Stored entries
"""
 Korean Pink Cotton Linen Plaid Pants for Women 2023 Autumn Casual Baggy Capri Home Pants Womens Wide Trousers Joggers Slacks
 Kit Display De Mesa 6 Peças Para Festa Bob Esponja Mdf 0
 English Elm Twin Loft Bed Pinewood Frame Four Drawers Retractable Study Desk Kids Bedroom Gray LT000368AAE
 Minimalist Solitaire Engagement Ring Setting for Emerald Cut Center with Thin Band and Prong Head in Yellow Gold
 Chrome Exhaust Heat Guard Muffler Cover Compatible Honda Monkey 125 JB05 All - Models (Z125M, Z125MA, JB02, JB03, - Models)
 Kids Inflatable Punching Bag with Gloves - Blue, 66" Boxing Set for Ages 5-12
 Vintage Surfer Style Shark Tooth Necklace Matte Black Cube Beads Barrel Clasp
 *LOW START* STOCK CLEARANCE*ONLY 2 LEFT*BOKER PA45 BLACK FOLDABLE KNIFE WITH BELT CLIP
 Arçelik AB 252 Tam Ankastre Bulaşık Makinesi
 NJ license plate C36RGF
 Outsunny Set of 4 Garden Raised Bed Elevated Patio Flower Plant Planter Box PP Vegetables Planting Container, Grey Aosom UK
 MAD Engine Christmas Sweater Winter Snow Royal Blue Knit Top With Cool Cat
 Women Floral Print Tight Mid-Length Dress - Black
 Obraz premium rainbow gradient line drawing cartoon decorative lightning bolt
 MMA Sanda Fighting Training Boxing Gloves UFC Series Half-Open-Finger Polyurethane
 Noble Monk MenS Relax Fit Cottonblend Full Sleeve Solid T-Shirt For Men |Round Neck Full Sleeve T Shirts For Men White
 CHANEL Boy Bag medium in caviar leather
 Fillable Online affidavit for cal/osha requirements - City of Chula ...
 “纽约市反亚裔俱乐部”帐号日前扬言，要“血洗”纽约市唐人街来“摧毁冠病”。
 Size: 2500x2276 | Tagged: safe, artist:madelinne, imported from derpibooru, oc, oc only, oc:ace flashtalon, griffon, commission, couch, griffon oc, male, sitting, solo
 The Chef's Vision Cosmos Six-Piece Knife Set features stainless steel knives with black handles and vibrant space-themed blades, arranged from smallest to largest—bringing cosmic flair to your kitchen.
"""
Exercise
Output the lines above exactly, but only those between the line holding "MAD Engine Christmas" and the line holding "Size: 2500x2276 |", inclusive.

The completed task
 MAD Engine Christmas Sweater Winter Snow Royal Blue Knit Top With Cool Cat
 Women Floral Print Tight Mid-Length Dress - Black
 Obraz premium rainbow gradient line drawing cartoon decorative lightning bolt
 MMA Sanda Fighting Training Boxing Gloves UFC Series Half-Open-Finger Polyurethane
 Noble Monk MenS Relax Fit Cottonblend Full Sleeve Solid T-Shirt For Men |Round Neck Full Sleeve T Shirts For Men White
 CHANEL Boy Bag medium in caviar leather
 Fillable Online affidavit for cal/osha requirements - City of Chula ...
 “纽约市反亚裔俱乐部”帐号日前扬言，要“血洗”纽约市唐人街来“摧毁冠病”。
 Size: 2500x2276 | Tagged: safe, artist:madelinne, imported from derpibooru, oc, oc only, oc:ace flashtalon, griffon, commission, couch, griffon oc, male, sitting, solo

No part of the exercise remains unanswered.